What’s in your password? Well, pretty soon, it might be your face.
Passwords Are a Necessary Evil
Passwords have always been a problem. They are necessary for account security but difficult to remember. Making matters worse, every website has different rules for creating a valid password, and of course, for your own security, you should not have a single password for all sites.
This often leads to confusion and frustration for the user. If you make a password too simple to remember, then it’s not worth using. If it’s too complex, you might need to write it down, forcing you to search through the list every time you want to go on a different website. My own six-page list is well-worn. Then again, yes, your computer can save your username and password for a specific site, but is that really secure?
While there are 6.6 quadrillion possible combinations for eight characters of upper and lowercase letters, digits, and 33 special characters, most people take the easy (to remember) path, according to The Wall Street Journal. When RockYou had 32 million passwords stolen in 2009, the number one most common password was “123456.” If a number is required, people add “1” (I’m guilty). When a character is required, they substitute a “$” for an “s” or “@” for an “a” (e.g., “P@$$word1” instead of “Password1”). Hackers are wise to this, so the best strategy is to make your passwords memorable—but still strong. Here’s a tip: the longer the better.

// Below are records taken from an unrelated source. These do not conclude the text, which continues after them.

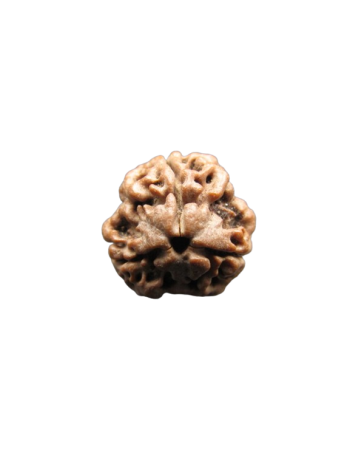 3-Mukhi-Rudraksha
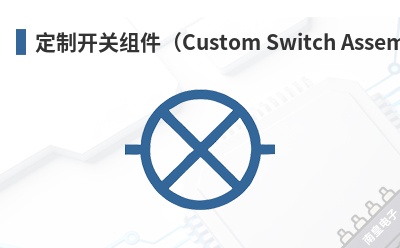 ���ƿ��������Custom Switch Assemblies��-CW Industries��Ʒ
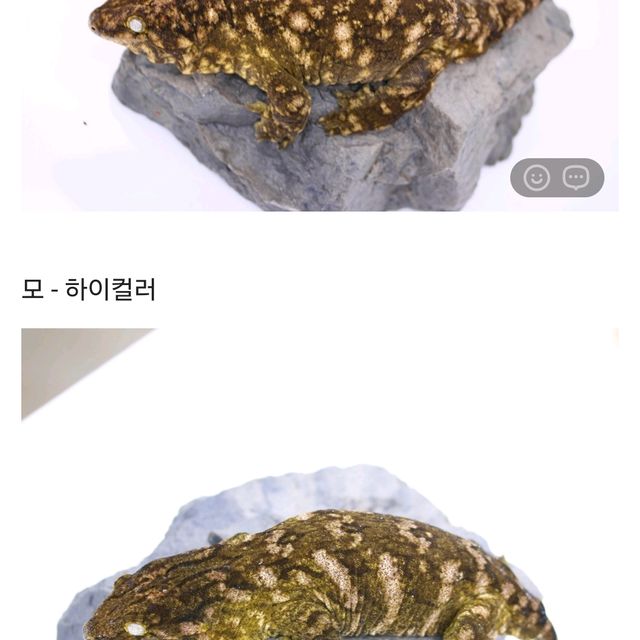 트루 컬러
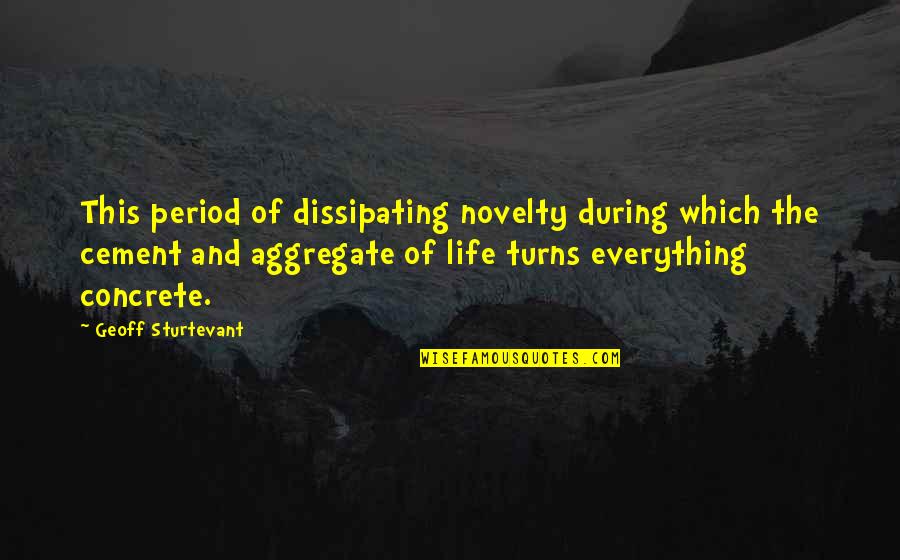 Erasable Ink Quotes By Geoff Sturtevant: This period of dissipating novelty during which the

Remember, not all communication requires the same level of security. The security of my bank and brokerage statements are much more important than my utility bill. That’s why I like Striata’s approach of using shared secrets, whose security level (i.e., complexity) can be adjusted to the privacy requirements of the information.
Over time, the entire paradigm will change. As we spend less time on computers and more time on mobile devices, the use of fingerprints and facial recognition will provide better security than most passwords. The integration of phone security with individual applications and sites (like Walletron has done for mobile payments) will be key.
Enter Facial Recognition
According to Christopher Mims, mobile devices will soon be adept at reading faces. Even today, some laptops and mobile devices can read facial features. There is also a new generation of chips from Qualcomm that will have even better facial recognition, one that cannot be fooled by a 3D print of your face. Then there’s the rumor that the next iPhone might have depth perception and facial recognition.

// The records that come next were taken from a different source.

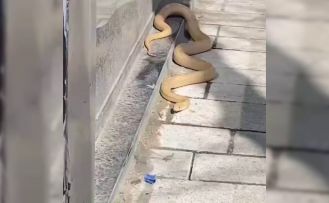 Gaziosmanpaşa'da yılan paniği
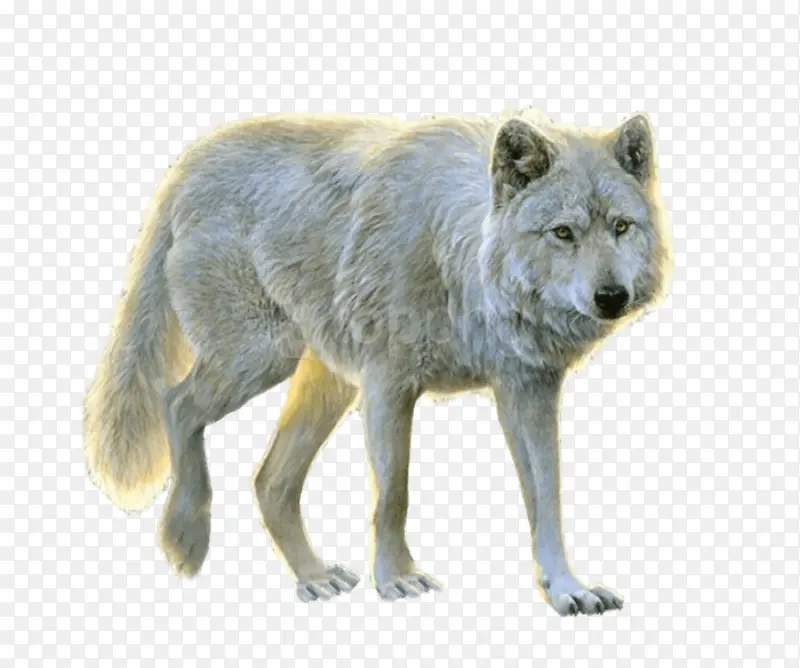 野生动物 郊狼 狼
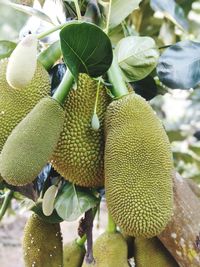 Close-up of fruits growing on tree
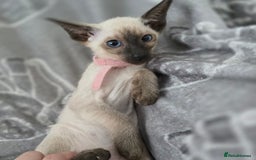 Siamese cats for sale: Four gorgeous girls - Image 15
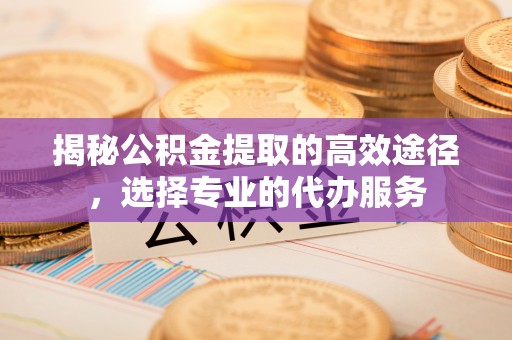 天峻揭秘公积金提取的高效途径，选择专业的代办服务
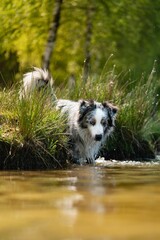 Wall Mural - Adorable Australian shepherd playing in water under the bright sunlight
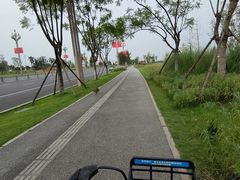 -桤木河湿地公园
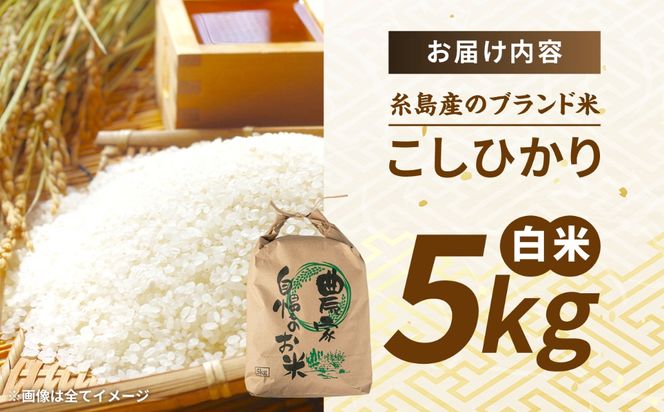 【令和8年産】 こしひかり 白米 5kg 糸島市産 糸島市 / 糸島の恵み コメ こめ ご飯[AGR021]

To see where all of this facial recognition is going, simply watch the TV show Person of Interest as they track people morning, noon, and night. On a smaller scale, The Economist reported that Nvidia, the chip manufacturer, will leverage their own chips and use facial recognition at their new headquarters to track employees’ arrivals and departures. I guess the days of clocking in for a friend are over.
Facial recognition will be an unbreakable “password.” The trick is how to simplify the user experience by integrating it into the dozens of websites we visit regularly.